General formula for the Taylor expansion of $f(x)=(1+x)^\frac{1}{k}$ at $a = 0$

Question

Let $f(x)=(1+x)^\frac{1}{k}$ where $k \in \mathbb{N}$.

I'm seeking a general formula for the Taylor expansion of $f(x)$ at the point $a = 0$ up to $n \in \mathbb{N}$ but I struggle with the generality. Note: $f^m(x)$ is the $m$-th derivative of $f(x)$.

Let's compute the first few terms:

$$f^0(x)=(1+x)^\frac{1}{k},$$ $$f^0(0)=1,$$ $$f^1(x)=\frac{d}{dx}(1+x)^\frac{1}{k}=\frac{1}{k}(1+x)^\frac{1-2k}{k},$$ $$f^1(0)=\frac{1}{k},$$ $$f^2(x)=\frac{d}{dx}\frac{1}{k}(1+x)^\frac{1-2k}{k}=\frac{1}{k}\cdot\frac{1-k}{k}\cdot(1+x)^\frac{1-2k}{k},$$ $$f^2(0) = \frac{1}{k} \cdot \frac{1-k}{k},$$ $$f^3(x)=\frac{d}{dx}\frac{1}{k}\cdot\frac{1-k}{k} \cdot (1+x)^\frac{1-2k}{k}=\frac{1}{k} \cdot \frac{1-k}{k} \cdot \frac{1-2k}{k}\cdot(1+x)^\frac{1-3k}{k},$$ $$f^3(0)=\frac{1}{k} \cdot \frac{1-k}{k} \cdot \frac{1-2k}{k}.$$ So the first few terms in Taylor series are $$T^{f,0}_{n} = \frac{1}{0!} + \frac{1}{1!\cdot k}x + \frac{1-k}{2! \cdot k^2}x^2 + \frac{(1-k)(1-2k)}{3! \cdot k^3}x^3 + \frac{(1-k)(1-2k)(1-3k)}{4! \cdot k^4}x^4 \cdot \cdot \cdot \ $$ I imagine it to be something like $\sum_{n=0}^{\infty} \frac{\prod_{i=1}^{n} ?}{?! \cdot k^?}$.

Answer 1

If $ \alpha\in\mathbb{R} $, then the dérivatives of $ x\overset{f}{\mapsto}\left(1+x\right)^{\alpha} $ are not difficult to find (In your case we se $ a_{k}=\frac{1}{k},\ k\in\mathbb{N}^{*} $) :

\begin{aligned} \left(\forall x\in\left]-1,1\right[\right),\ \ \ f'\left(x\right)&=\alpha\left(1+x\right)^{\alpha -1}\\ \left(\forall x\in\left]-1,1\right[\right),\ \ f''\left(x\right)&=\alpha\left(\alpha -1\right)\left(1+x\right)^{\alpha -2}\\ \left(\forall x\in\left]-1,1\right[\right),\ f'''\left(x\right)&=\alpha\left(\alpha -1\right)\left(\alpha -2\right)\left(1+x\right)^{\alpha -3} \end{aligned}

In general, we can prove by induction that : $$ \left(\forall p\in\mathbb{N}\right)\left(\forall x\in\left]-1,1\right[\right),\ f^{\left(p\right)}\left(x\right)=\alpha\left(\alpha -1\right)\cdots\left(\alpha -p+1\right)\left(1+x\right)^{\alpha -p} $$

Let $ n,k $ be positive integers.

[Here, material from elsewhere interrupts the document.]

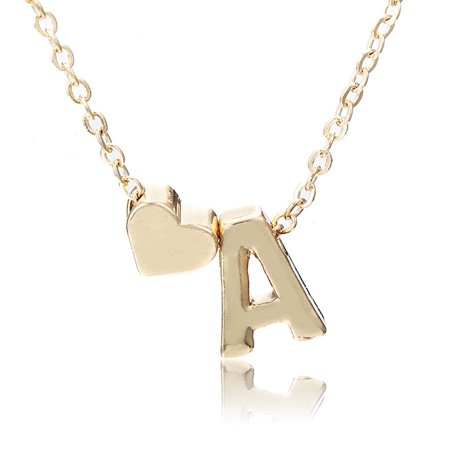 Women Fashion Simple Golden Letter Heart-shaped Necklace Initials Name Necklace Personalized Pendant Necklac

Setting, as you wanted, $ \alpha =\alpha_{k}=\frac{1}{k} $, and denoting, for $ p\in\mathbb{N} $, $ \frac{\alpha_{k}\left(\alpha_{k} -1\right)\cdots\left(\alpha_{k} -p+1\right)}{p!} $ as $ \binom{\alpha_{k}}{p} $, we get can the Taylor expansion :

$$ \left(1+x\right)^{\frac{1}{k}}=\sum_{p=0}^{n}{\binom{\frac{1}{k}}{p}x^{p}}+\underset{\overset{x\to 0}{}}{\mathcal{O}}\left(x^{n+1}\right) $$

Answer 2

Hint:

The general formula for the binomial expansion of $(1+x)^\alpha$ simply uses the generalised binomial coefficients: $$\binom{\alpha}{n}=\frac{\alpha(\alpha-1)(\alpha-2)\dots(\alpha-n+1)}{n!}.$$ The main difference with the case when $\alpha$ is a positive integer is that these generalised binomial coefficients are never $0$, so that we indeed obtain an infinite series, not a polynomial.